What is required: Please repeat the whole listing exactly, but leave the pictures out.

Supplied information:
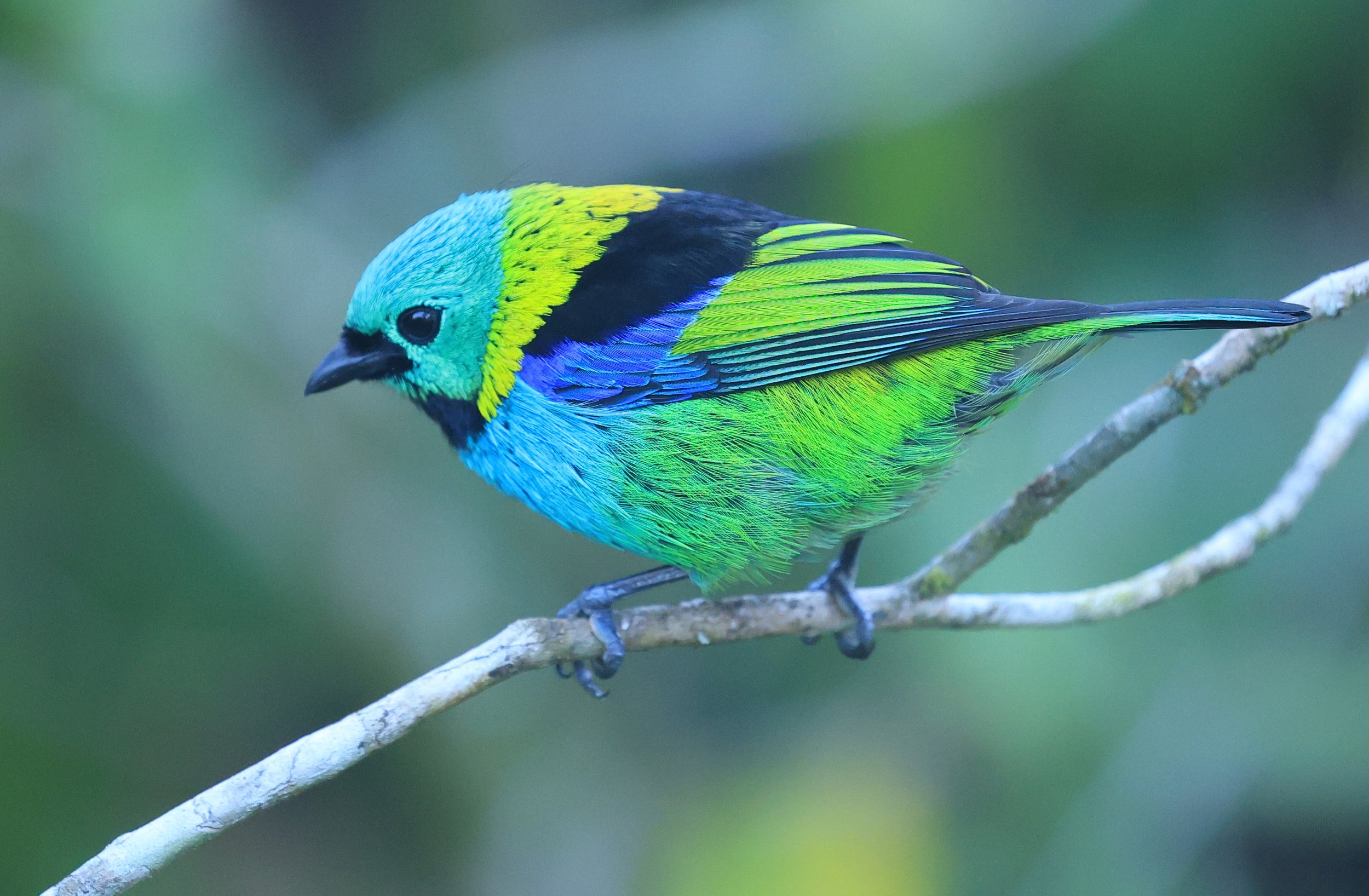 Green-headed Tanager (Tangara seledon)  Superagui National Park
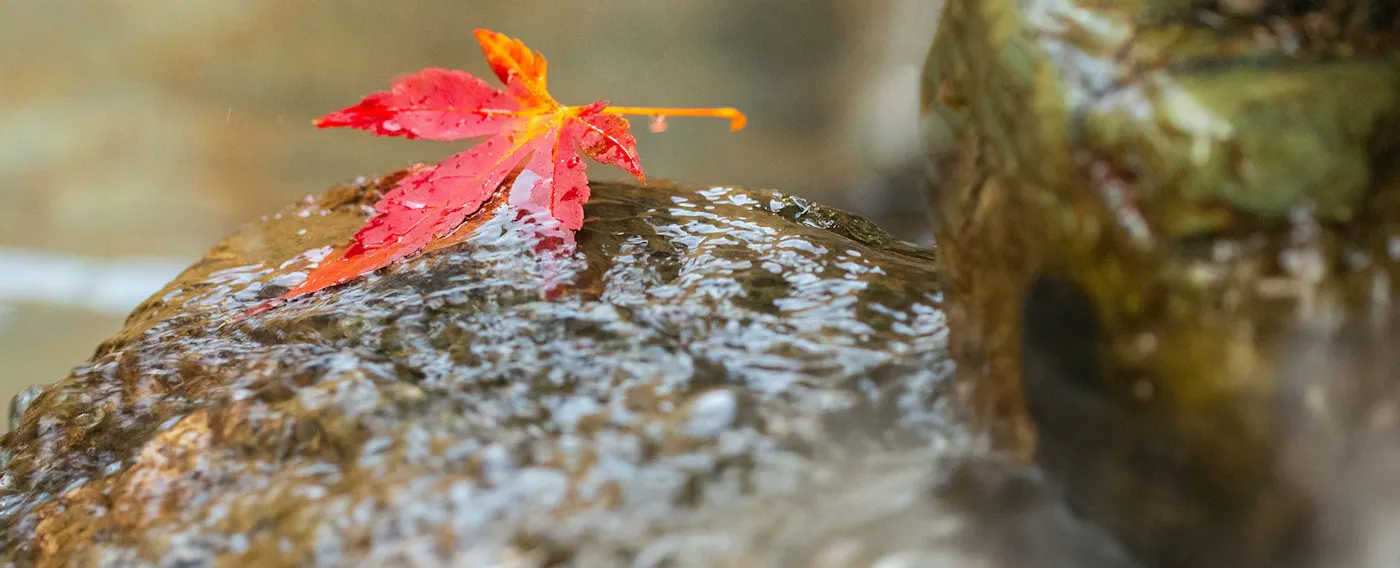 เป็นธรรมชาติ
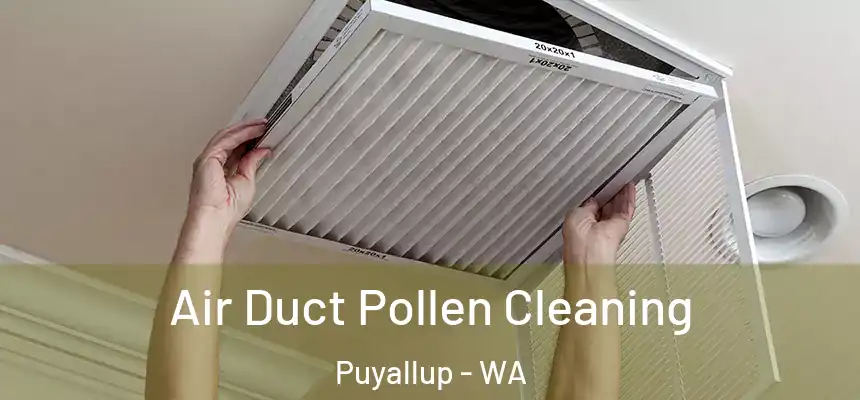  Air Duct Pollen Cleaning Puyallup - WA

Exercise solution:
 Green-headed Tanager (Tangara seledon)  Superagui National Park
 เป็นธรรมชาติ
  Air Duct Pollen Cleaning Puyallup - WA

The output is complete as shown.